This is a new low. And not the kind of low I enjoy.
I can’t remember a time I’ve felt more despairing about the state of the market than right now. From June 16 to August 16 of last year, we had a two month ascent that I thought was the worst period of my trading life.
That was a walk in the park – – a party – – a festivus – – compared to what’s been going on for the past eight months. I say again, EIGHT MONTHS. I could actually argue twelve months, but October 13th was nominally a lower price point in the market, so I’ll just say eight, even though the easy part of the market stopped cold on June 16th, almost an entire year ago.
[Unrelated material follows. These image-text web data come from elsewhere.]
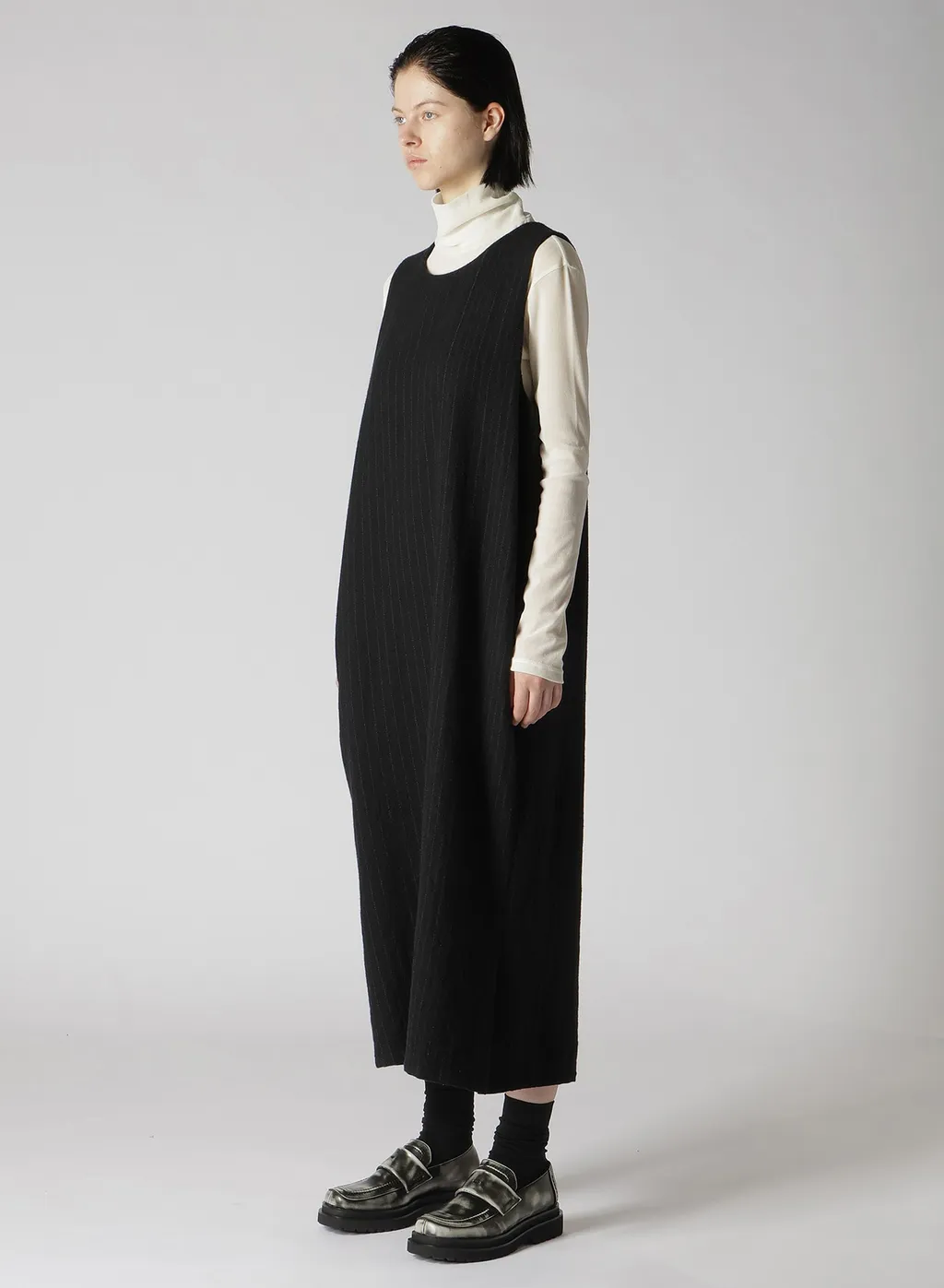 Wool Pinstripe Sleeveless Dress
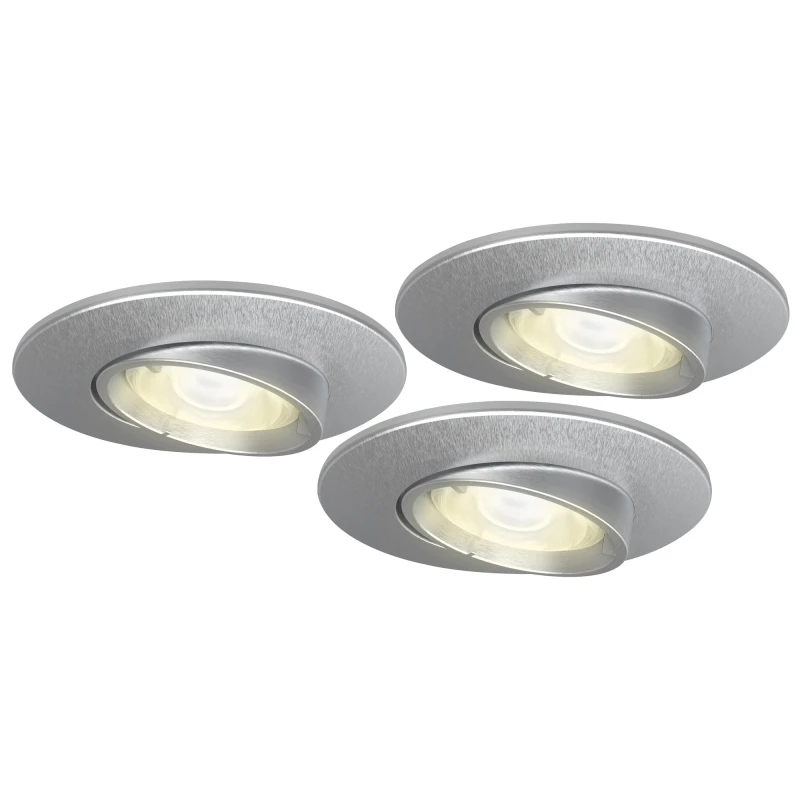 Image of 4lite 4lite WiZ Connected Fire-Rated IP20 GU10 Smart Adjustable LED Downlight - Satin Chrome (Pack of 3) 4L1/2218X3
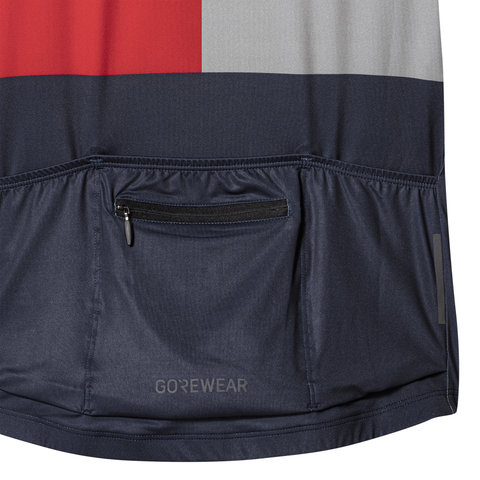 GORE Wear Swiftride Block S/S Jersey - lab graphite - lab red | M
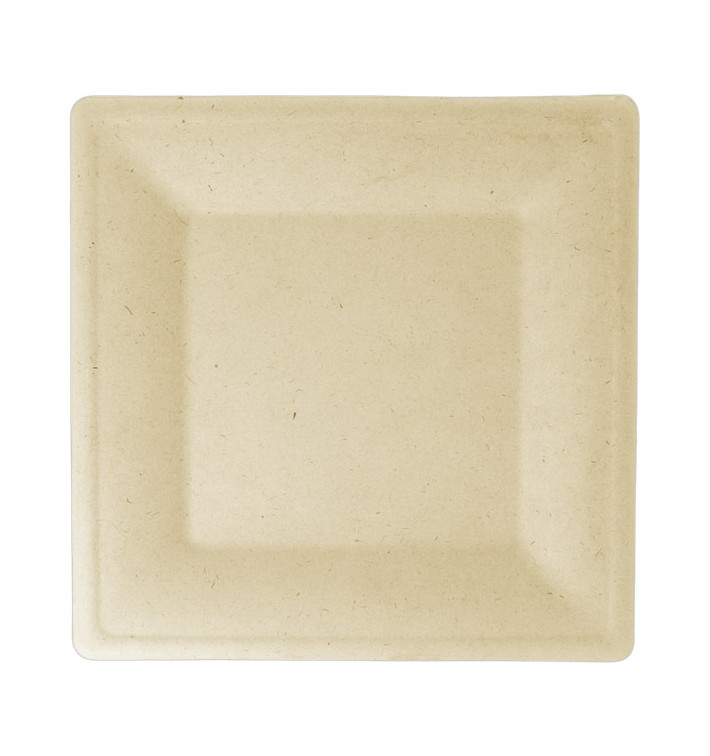 Assiette Carrée Canne à Sucre Naturel 160x160mm (50 Utés) Assiette Carrée Canne à Sucre Naturel 160x160mm (50 Utés)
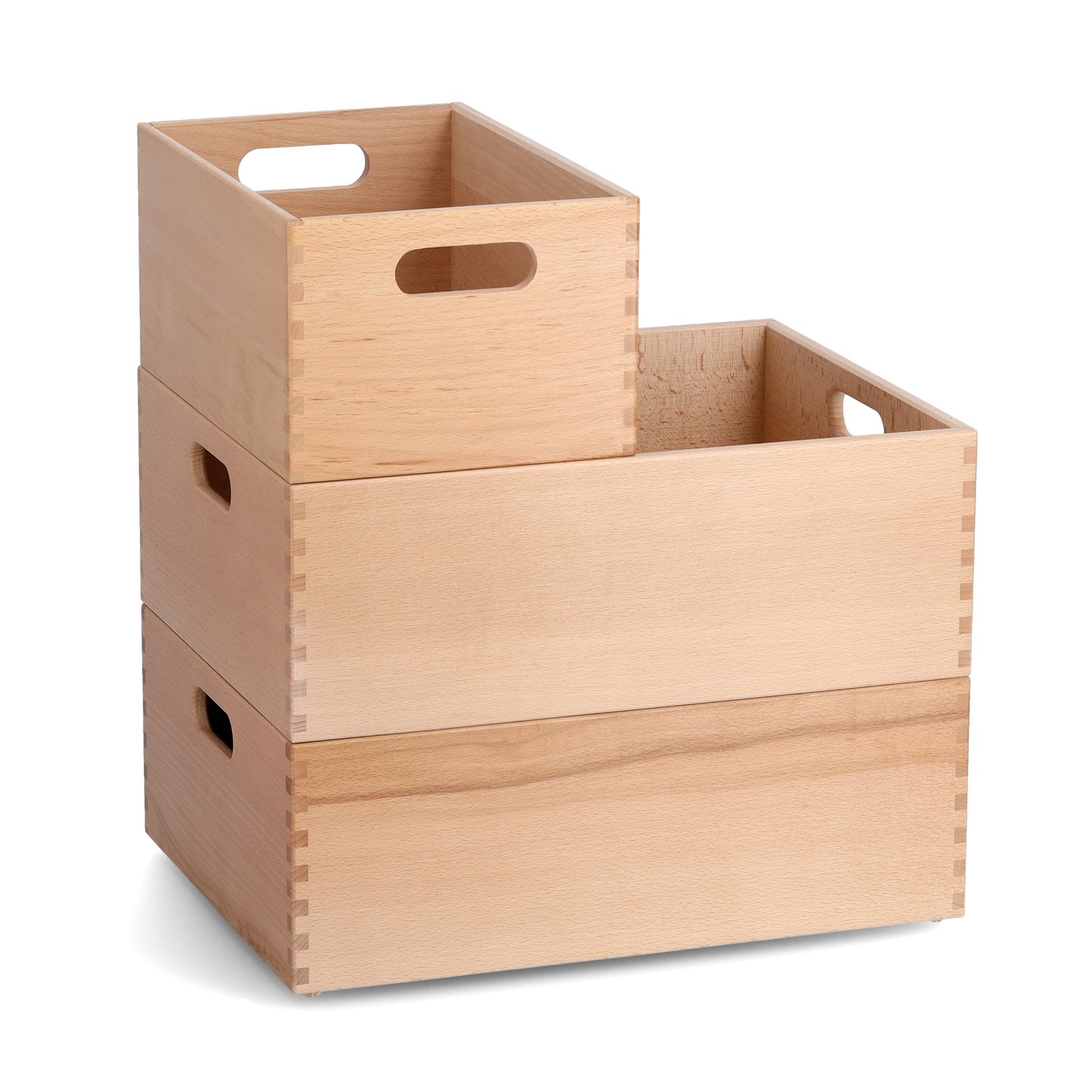 zeller-home-allzweckkiste-buche-lackiert-mit-griffen-stapelbar image 2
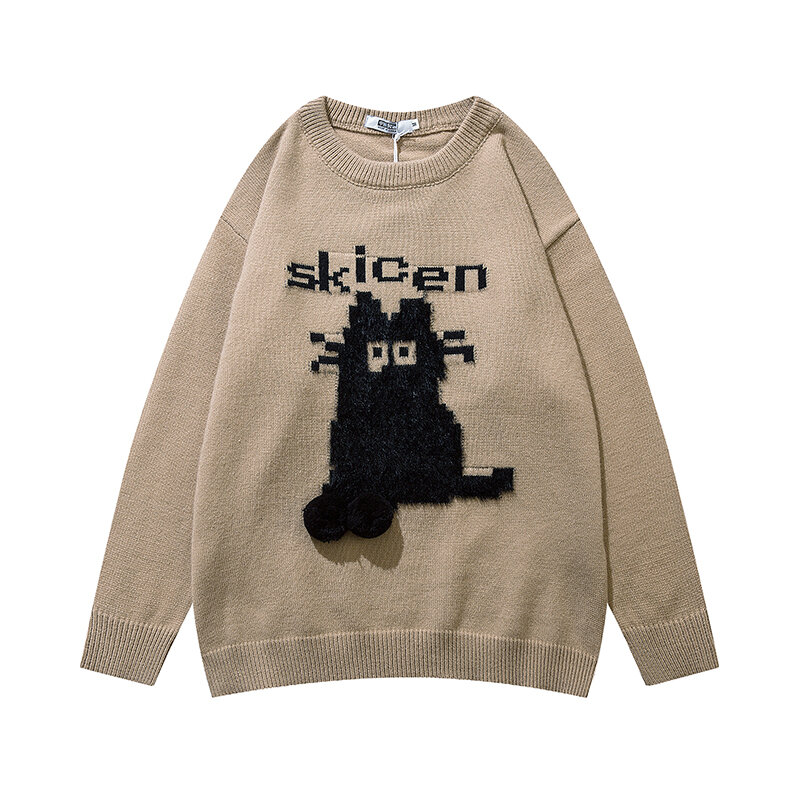 Autumn and winter new men's letter embroidery cartoon sweater Japanese college style fashion warm pullover couple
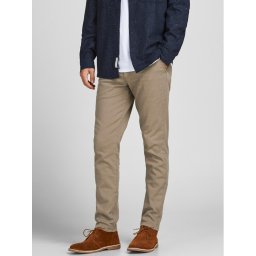 Jack & Jones Текстилни панталони Marco Dave 12174307 Бежов Slim Fit
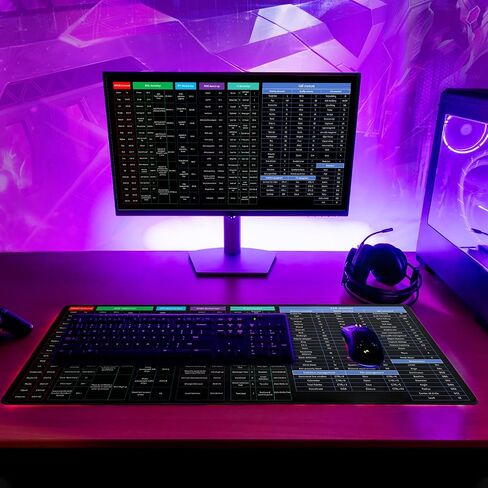 Excel Shortcut Gaming Mouse Pad 31.5x11.8 Inch Large Black Long Extended Pads Big Mousepad Large Non-Slip Rubber Base Waterproof Big Keyboard Mat with Stitched Edges for PC Computer Laptop and Office in Saudi Arabia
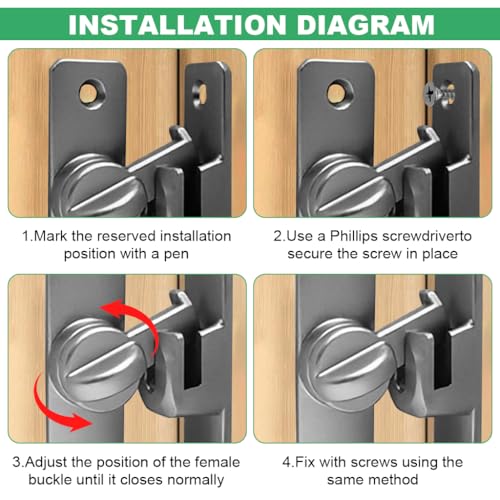 HASTHIP® Door Latch Door Lock 90°/180° Gate Door Latch Lock Rugged Aluminum Alloy Door Latch Lock No Drill Latch Lock for Gate, Door, Closet, Cabinet, with Screw Packs and Installation Accessories - Image 5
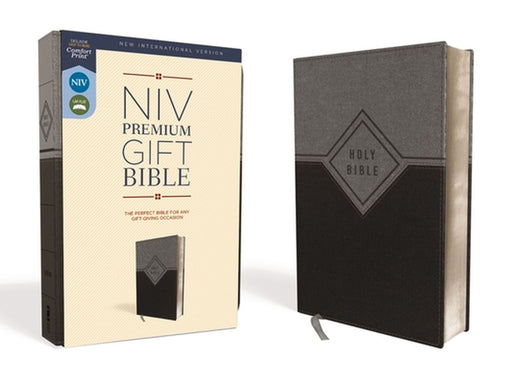 Niv Premium Gift Bible Leathersoft Black Gray Red Letter Edition Comfort Print by Zondervan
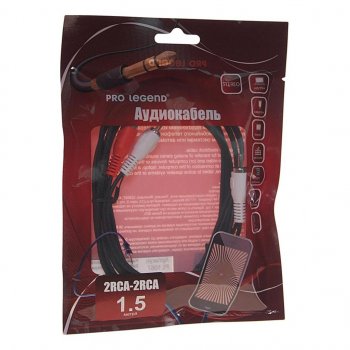 Кабель RCA 2х2 1.5м PRO LEGEND PRO LEGEND pl1067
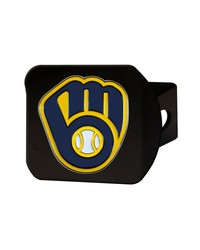 Milwaukee Brewers Black Metal Hitch Cover  3D Color Emblem Black by   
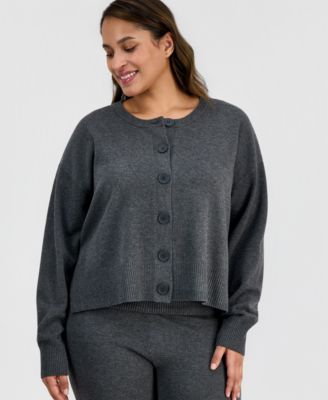 Trendy Plus Size Button-Front Long-Sleeve Cardigan, Macy's Exclusive 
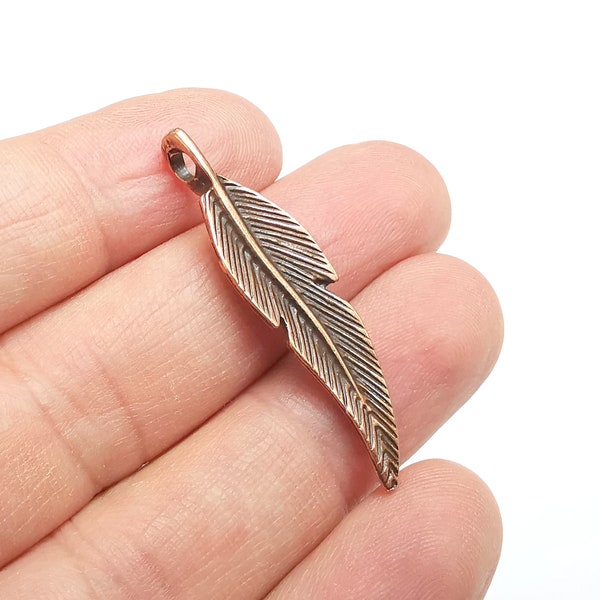 Feather Charms, Antique Copper Plated Charms (41x10mm) G29543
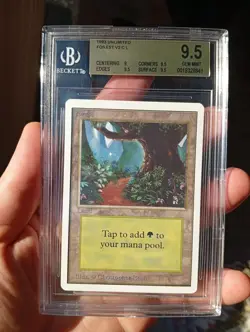 Magic FOREST Unlimited MTG Vintage OLD SCHOOL Beckett BGS 9.5 Gem Mint - Image 1
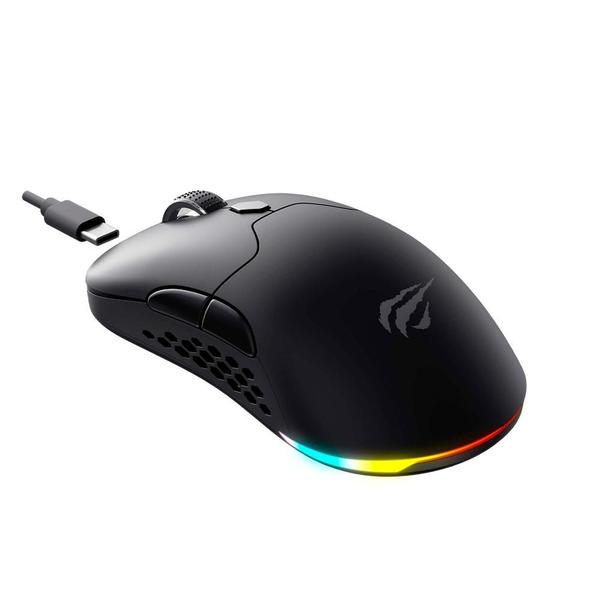 Imagem de Mouse Gamer Sem Fio Havit MS963WB, RGB, 8000 DPI, 7 Botões, Bluetooth e 2.4G, Preto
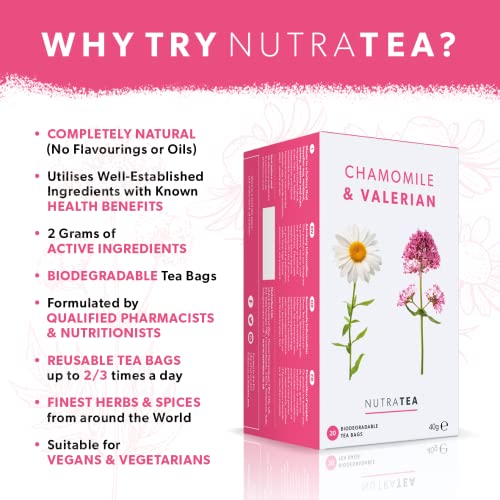 Nutra Tea NutraTea - Chamomile & Valerian Tea- Bedtime and Night Time Tea - 40 Tea Bags - Image 3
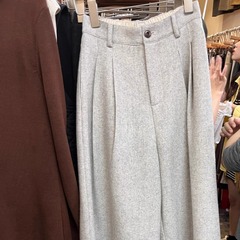 チャオ級おすすめ! 韓国系の灰色のワイドパンツの女性秋冬のハイウエストのゆったりしたカジュアルパンツ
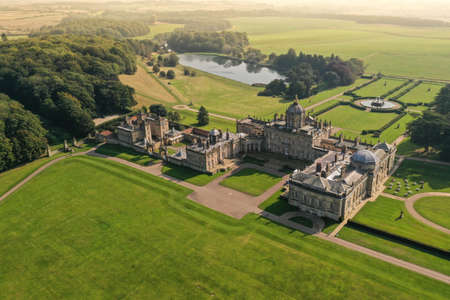 CASTLE HOWARD, YORKSHIRE, UK, - SEPTEMBER 22, 2020.  An aerial drone landscape of the castle Howard estate in the Howardian Hills near York, UKのeditorial素材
It’s been pretty much a slog ever since.
In any case, feeling so abysmally low, I decided on Tuesday evening to look at my twenty-five index charts with nice, fresh eyes. Having done so, I am ready to mount a flag pole in concrete, tie an enormous white flag to a rope, and hoist that sucker for all to see. There is absolutely nothing about these charts that doesn’t scream “Buy”, although it tears me to pieces to write it, particularly since I’m sure a cadre of sociopathic bulls would love nothing more than seeing one of the better-known permabears throw in the towel.
To make matters worse, as I look at the US financial sector, this could be precisely the thing that compels the other sectors to go from crazy-expensive to super-crazy-expensive. After all, banks got slaughtered in the springtime, but they seem to be hammering out what could be a base similar to those found above.
And just in case I didn’t feel bad enough, I went to Slope’s own Woulda Shoulda Coulda page and, just for the hell of it, was curious what a mere $5,000 in AAPL stock bought in 1998 would be worth today. The answer is nearly $7 million. All for five THOUSAND dollars. Absolutely sickening.
So I’m not sure what to tell ya. I’ve been cutting back, and cutting back, and cutting back some more on my trading, since in spite of all appearances, I am no financial masochist. If this completely forlorn post marks a top, and we can all laugh at my horrible timing for being so light and being so pessimistic, so be it. That would be a very small price to pay to put an end to this agony. This seriously sucks out loud, even though my net worth is higher than it was a year ago. This isn’t the way I wanted to get there.